The Vivante GCCORE architecture diagram
3D Units and Threads:
Vivante calls their unified shader block the Ultra-threaded Shader and in this case it does live up to the name. As you would expect from a unified shader it combines pixel and vertex shaders in to a common unit that does both. The single unit does both geometry/lighting calculations and pixel/texel effects. There is no hardware tessellation unit mainly because that is simply a bad idea in a power constrained environment, not to mention there is no mobile API support for it yet. If anyone claims that this is a good idea in mobile, you know what they have to sell and decent battery life is not one of those check boxes.
The GCCORE 3D Unit block diagram
Calling a unit Ultra-threaded is a pretty bold move in the GPU world where everything is threaded to an almost silly degree. In this case the Ultra-threaded name is not much of a stretch with each GPU core able to handle up to 256 threads. Switching between threads is round-robin unless there are dependencies for a thread. In that case the thread is skipped until the dependency is resolved which makes a lot of sense.

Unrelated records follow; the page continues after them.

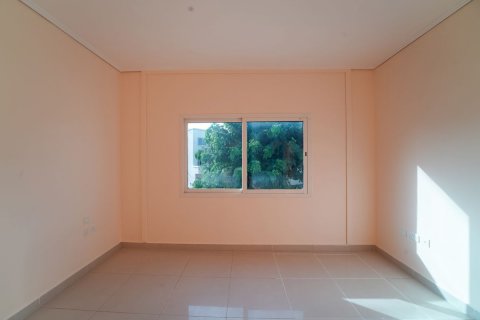 Pronë komerciale në Al Reef, Abu Dhabi, Emiratet e Bashkuara Arabe 4 dhoma gjumi, 180 m2. № 595053 - Foto 11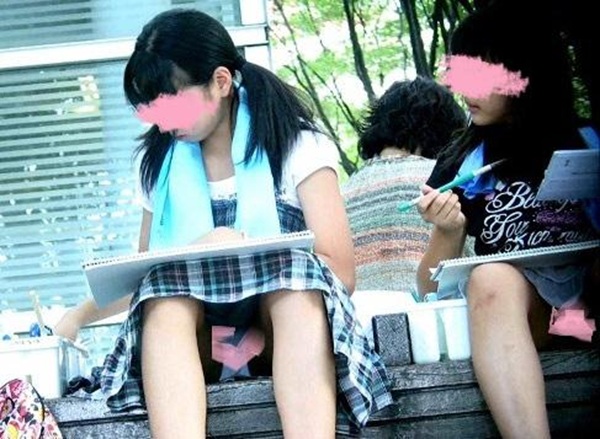 JKパンチラ盗撮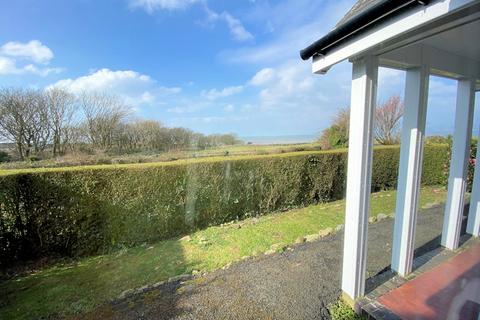 2 bedroom detached bungalow for sale, Celynin Road, Llwyngwril LL37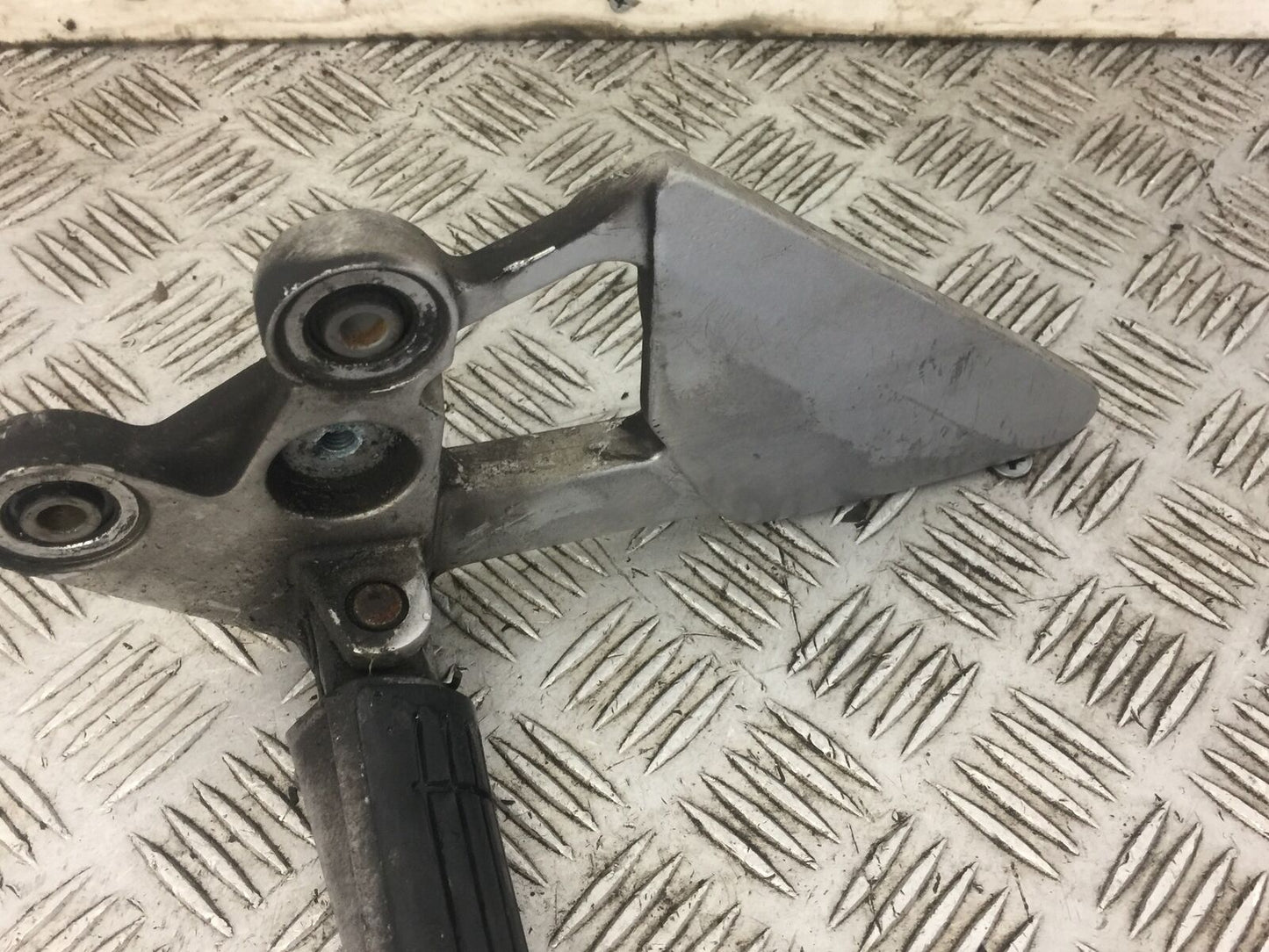 YAMAHA FZ6 LEFT HANGER AND PEG  YEAR 2005  (STOCK 589)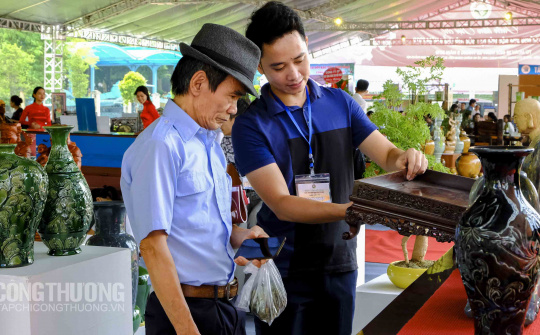 Đưa sản phẩm công nghiệp nông thôn vào phân phối trong siêu thị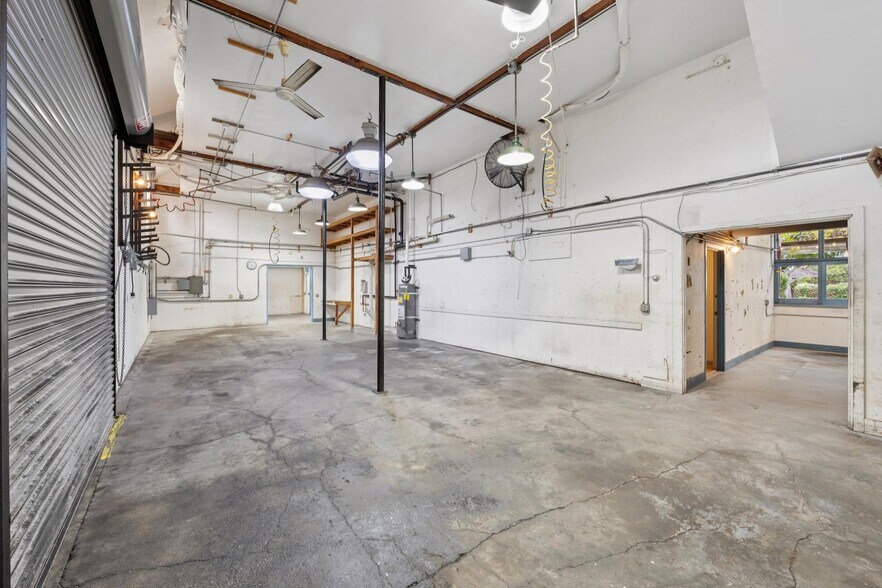 More Photos Of 253 S 25th St, Richmond Flex For Sale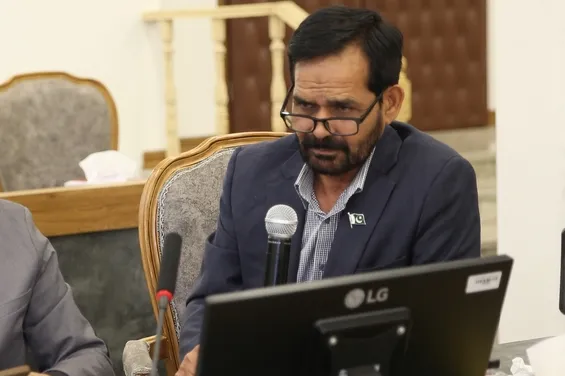 وکیل دیوان عالی پاکستان: وکلای آزاده جهان، صدای رسای دادخواهی ملت ایران در برابر جنایتکاران باشند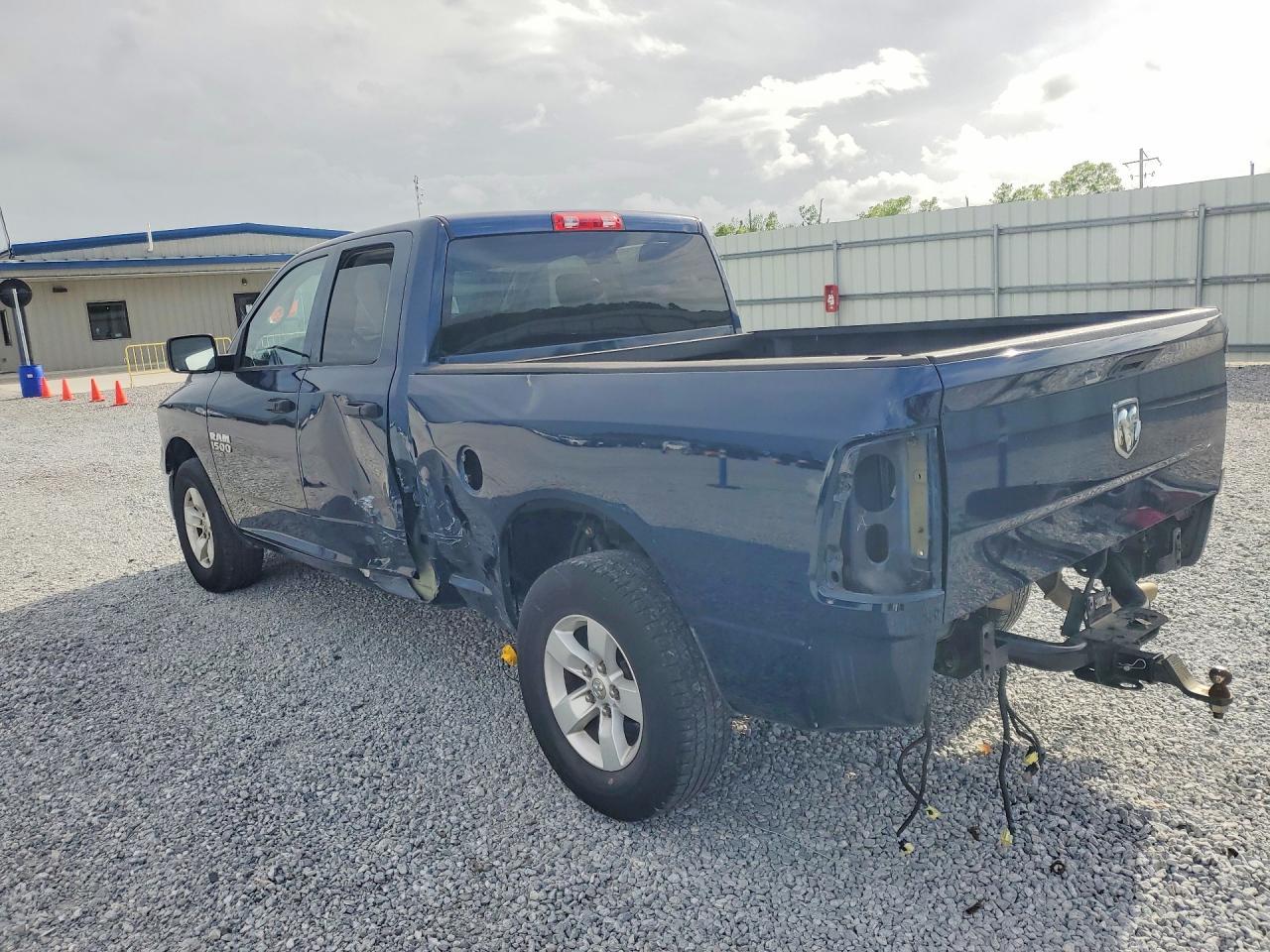2019 Ram 1500 Classic Tradesman - Фото 2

That many threads would hide an enormous amount of latency in a scalar CPU but in the GPU world with up to 16 Shader Cores that number can be consumed in a fairly small number of clock cycles. As you would expect the front end of the shader unit dynamically balances the loads, for GPUs that mostly means parsing tasks to whatever unit is free at the moment. The pool of 256 possible threads should mean there is a fair number of tasks that should be available to parse.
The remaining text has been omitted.